Higg MSI Pt.2

This isn’t the intended part 2 to our series on the Higg index (read part 1 here), but here we are anyway. So what happened? 

The what:

We first heard of the story from Brett Mathews, the editor of Apparel Insider back in June.  “We first started looking into the Higg MSI in 2019. Poor quality, old datasets on license from a third party were obvious red flags to us,” said Mathews.

"It seemed inevitable that once these datasets have begun to be used to underpin consumer-facing labels, Higg would potentially run into a collision with regulators and/or ESG investors.”

From there, the New York Times sparked the flame and brought the topic to a broader audience with the pointedly titled article, How Fashion Giants Recast Plastic as Good for the Planet”

This is all about the Norwegian Consumer Authority, which stated in a series of official warnings to H&M, Norrøna Sport AS, and the Sustainable Apparel Coalition (SAC) that the Higg MSI index is misleading consumers with inaccurate environmental claims on their products. 

“With this letter, we would like to emphasize that using the Higg MSI and/or data from the Higg MSI data in marketing towards consumers easily will be considered misleading and constitute a breach of the Marketing Control Act.”

What is the SAC, and who are the members of the SAC? It’s a coalition of heavy hitters like H&M and Patagonia, but also Nike, Walmart, and others. This article by The Intercept breaks it down: 

“Fashion’s bid to rescue its image began in 2009 when Patagonia and Walmart wrote a joint letter “inviting CEOs of leading global companies to come together to develop an index that would measure the environmental impact of their products.” The Sustainable Apparel Coalition was formed in 2010, and the group and the companies behind it worked together to produce their measurement tool, the Higg Index.”

Make sense? Let’s get back to the Norwegian Consumer Authority. According to the letters, Norrøna had until mid-august to remove claims found by the Higg MSI from their website. H&M was also explicitly addressed and acted to remove Higg's claims on their site by September or face economic sanctions.

“The NCA only has authority to ask for a stop of marketing in Norway. However, please be aware that the relevant regulations in the Norwegian Marketing Control Act are based on a harmonized EU directive, as explained in the Norrøna letter. What constitutes a breach of the Marketing Control Act will thus presumably constitute a breach of the law in the other EU/EEA countries.”
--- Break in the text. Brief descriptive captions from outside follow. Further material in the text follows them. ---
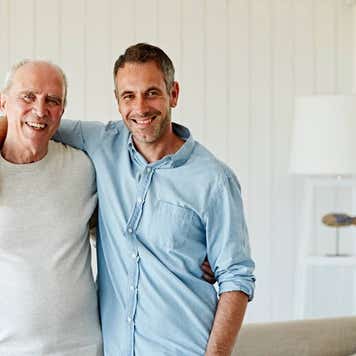 adult son with arm around elderly dad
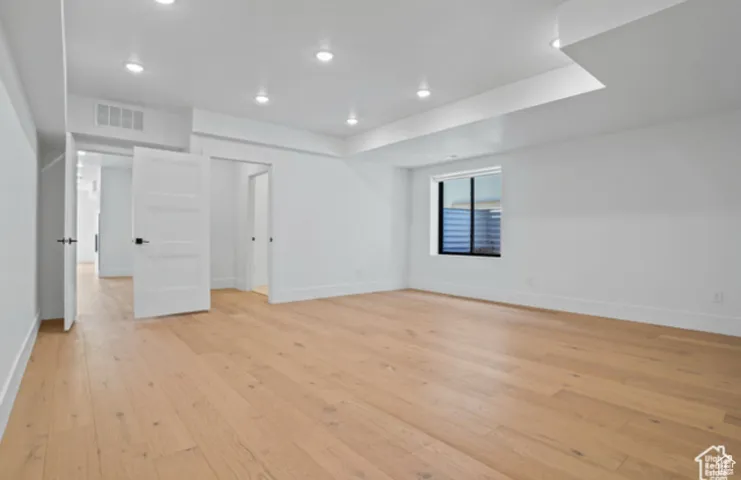 Spare room featuring light hardwood / wood-style flooring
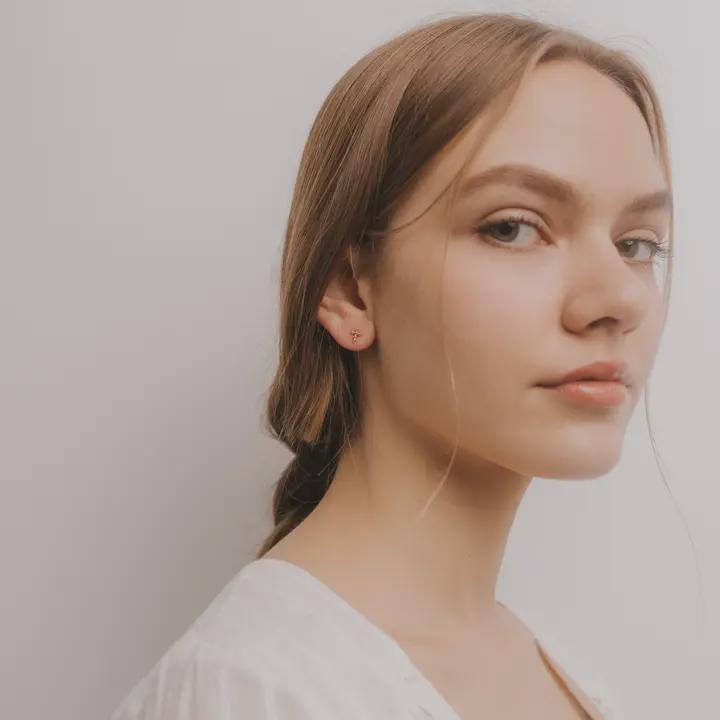 A young woman with light brown hair tied back, wearing a white top and JaxKelly's Cross Stud 18k gold plated earrings, gazes calmly at the camera against a plain light background.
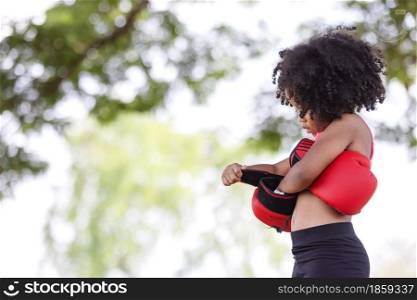 Afro American children wearing boxing gloves under the tree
This last bit is essential to pay attention to as it echoes what we mentioned in our previous post about the UK green claims code. These regulations set a global precedent and framework for other countries to follow suit and if they don't abide by what is being directed they could be banned in other countries.

“This is a global issue, so it’s only right that we look at it in a global context. Our joint work with other regulators will help us identify the big issues facing consumers and protect people from paying a premium for fake ‘eco-friendly’ products.” 

Andrea Coscelli, chief executive of the U.K.'s Competition and Markets Authority

Since the advent of these letters, we have met with the Norwegian Consumer Authority and given them full access to our methodology and approach. As a result, they have recognized Arbor's methodology for making crucial information available to everyone who needs to see it. This includes how we get and use our data, how we conduct our calculations, and how we communicate our data back to the brands we work with and their consumers. 

What Happened Next

In response, The SAC has moved to pause its consumer-facing transparency program but continues to keep the Higg MSI operating in the background. "We have known for some time that the Norwegian authorities were looking into this issue, and their decision to effectively ban Higg labels is no surprise,” continued Brett Mathews,  “The SAC had no choice but to pull these labels from the market after that decision had been made."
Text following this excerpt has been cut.